2012年にデビュー・アルバムをリリースして以来10年以上の歳月が過ぎて。この人のレトロ志向も年季が入ってきた。というか、さらにコジれてきちゃったというか。そういう感じ。いい意味で。ほんと、もう単なるレトロ・ソウル系のアーティストではなくなってしまったかも。
カリフォルニア州サンタ・アナ生まれで、これまではサンフランシスコを本拠に活動してきたニックさんだけれど、最近はフランスに居を移したのだとか。そこで改めて自身の内面とかルーツとかを見つめ直して、いろいろ思うところがあったらしく。それもあってか、今回のアルバム、これまでとちょっと風合いが違う。
前作はポール・バトラーを共同プロデューサーに迎えたメンフィス録音だったけれど、今回はブラック・キーズなどとも仕事しているマーク・ニールとタッグを組み、彼がジョージア州ヴァルドスタに所有している“ソウル・オヴ・ザ・サウス・スタジオ”に出向いてのモノラル・レコーディング。
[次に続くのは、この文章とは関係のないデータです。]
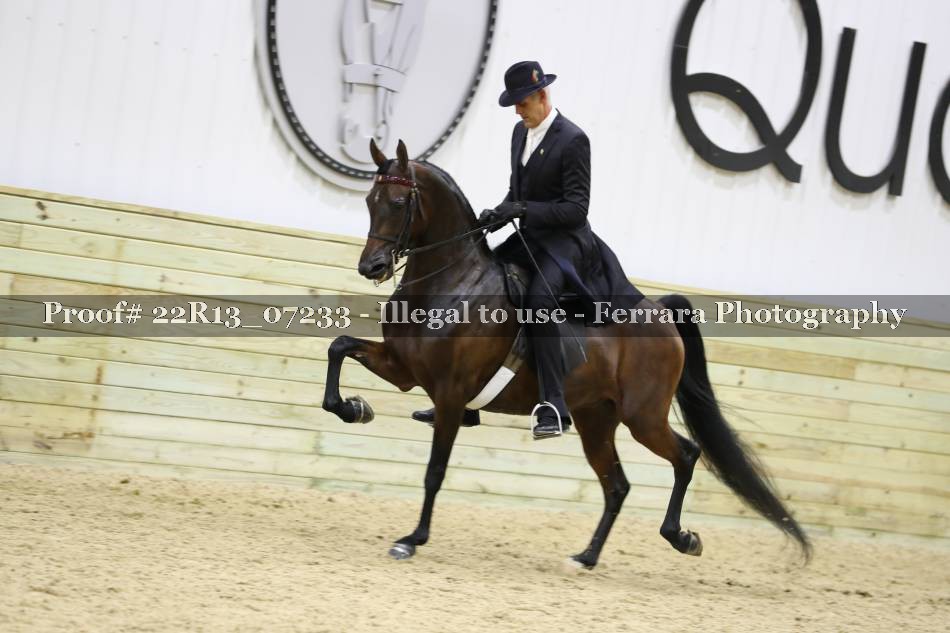 Proof 22R13_07233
元々はバレー・スクールだったのを改造した小さなスタジオらしいのだけれど、メンフィスの名門、チェス・スタジオやサン・スタジオの伝統を継承しようという心意気に貫かれた場所らしく、きっとニックさんも盛り上がったことでしょう。
フランスとかジョージア州とか、西海岸育ちの彼にとってある種エキゾチックな環境の下、憧れのエヴァーグリーンなソウル・センスみたいなものをより対象化して眺めることができるようになったというか、自分らしく消化できたというか。
今回のニックさん、リッキー・ネルソンのようだったり、ロイ・オービソンのようだったり、初期ヴァン・モリソンみたいだったり、ヴェルヴット・アンダーグラウンドみたいだったり、ミンク・デヴィルみたいだったり、ニック・ドレイクみたいだったり…。往年のロックンロール、ロードハウスR&B、フォーク・ロック、テックス・メックスなど、さまざまな時間軸とか記憶とかをたどる旅が地理的なエキゾチシズムともうまく交錯しつつ、なんとなく未来を見据える眼差しにもつながっているようで、なんだか面白い。それらがどことなく往年のモダニズムっぽいような、ヌーヴェルヴァーグっぽいような色彩の下に共存していて。
不思議な立ち位置に足を踏み入れたのかも。歌詞も面白そうだから、少し突っ込んで味わってみたい。キャッチーなとっつきやすさはなくなったけれど、ちょっとやばめな吸引力を放つアルバムに仕上がってます。